Um dos vice-líderes do governo no Senado, Eduardo Gomes (MDB-TO), diz que vai tentar reverter a situação:
— Sou operário do governo. Não faz sentido eu encaminhar algo de forma diferente. O que existe é uma maioria preocupada em destravar a agenda. Talvez tenha maioria pelo Coaf com Moro, mas vamos tentar desconstruir isso. Acho que não vai ser um drama.
Major Olímpio diz ainda que há uma outra questão de fundo, a de que o Senado não pode ser uma mera "casa carimbadora" de decisões dos deputados:
—Estamos (senadores) literalmente com saco cheio (da Câmara). É um desrespeito. Que a Câmara seja a Casa revisora. A gente tem que votar assim e pronto? Não é assim. A capacidade escrotal está repleta, assim fica politicamente correto.
Amin diz concordar:
— Eu não posso admitir isso. Se eu admitir que o Senado não pode deliberar porque a Câmara não tem prazo, eu tenho que me demitir. Eu não posso admitir isso.
Recuos e derrotas de Moro
Perda do Coaf
Criado em 1998, o Coaf Conselho de Controle de Atividades Financeiras é um órgão de inteligência financeira que investiga operações suspeitas.
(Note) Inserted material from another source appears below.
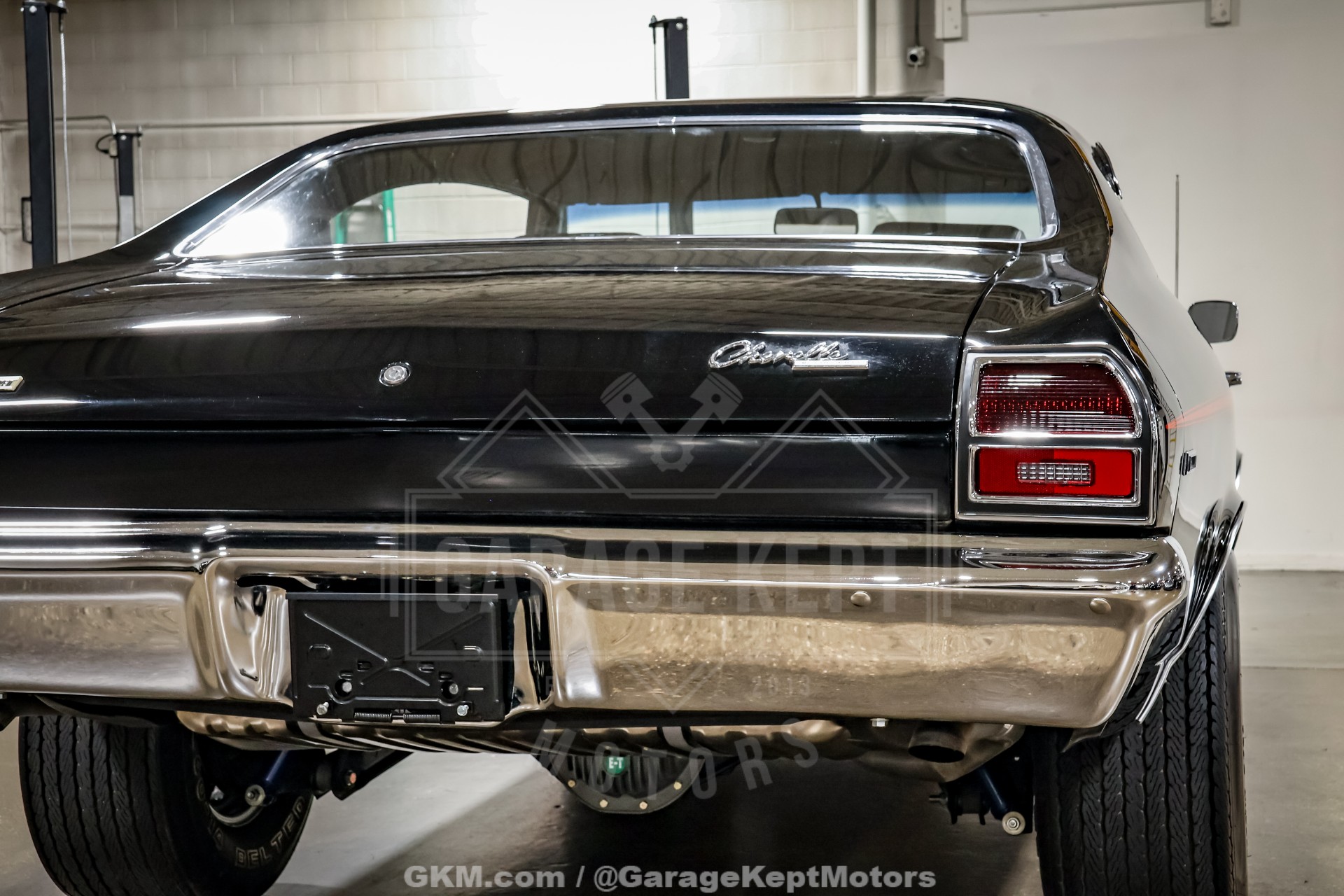 1969 Chevrolet Chevelle 43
Ao assumir a Presidência, Bolsonaro tirou o Coaf do Ministério da Economia e o colocou na pasta de Moro, a Justiça. O ex-juiz acabou derrotado depois que a Câmara devolveu o Coaf à Economia, o que ainda precisa passar pelo Senado
Pacote anticrime parado
Principal iniciativa de Moro no ministério, proposta pouco avançou no Congresso, em meio a atritos com o presidente da Câmara, Rodrigo Maia (DEM-RJ), que disse que projeto era "copia e cola" e Moro, um "funcionário de Bolsonaro" depois de o ex-juiz cobrar agilidade na tramitação do pacote.
Decreto das armas
Seu primeiro revés foi ainda em janeiro. O ministro tentou se desvincular da autoria da ideia de flexibilizar a posse de armas, dizendo nos bastidores estar apenas cumprindo ordens do presidente. Teve sua sugestão ignorada de limitar o registro por pessoa a duas armas: o decreto fixou o número em quatro.
Laranjas
No caso do escândalo de candidaturas de laranjas, enquanto Moro deu declarações evasivas, dizendo que a PF iria investigar se "houvesse necessidade" e que não sabia se havia consistência nas denúncias, Bolsonaro determinou, dias depois, a abertura de investigações para apurar o esquema.
Caixa 2
Por ordem do Palácio do Planalto, a proposta de criminalização do caixa 2, elaborada pelo ministro da Justiça, vai tramitar separadamente do restante do projeto anticrime.
Ilona Szabó
Moro teve de demitir a especialista em segurança pública por determinação do presidente, após repercussão negativa da nomeação. Ilona Szabó já se disse contrária ao afrouxamento das regras de acesso a armas e criticou a ideia de ampliação do direito à legítima defesa que está no projeto do ministro.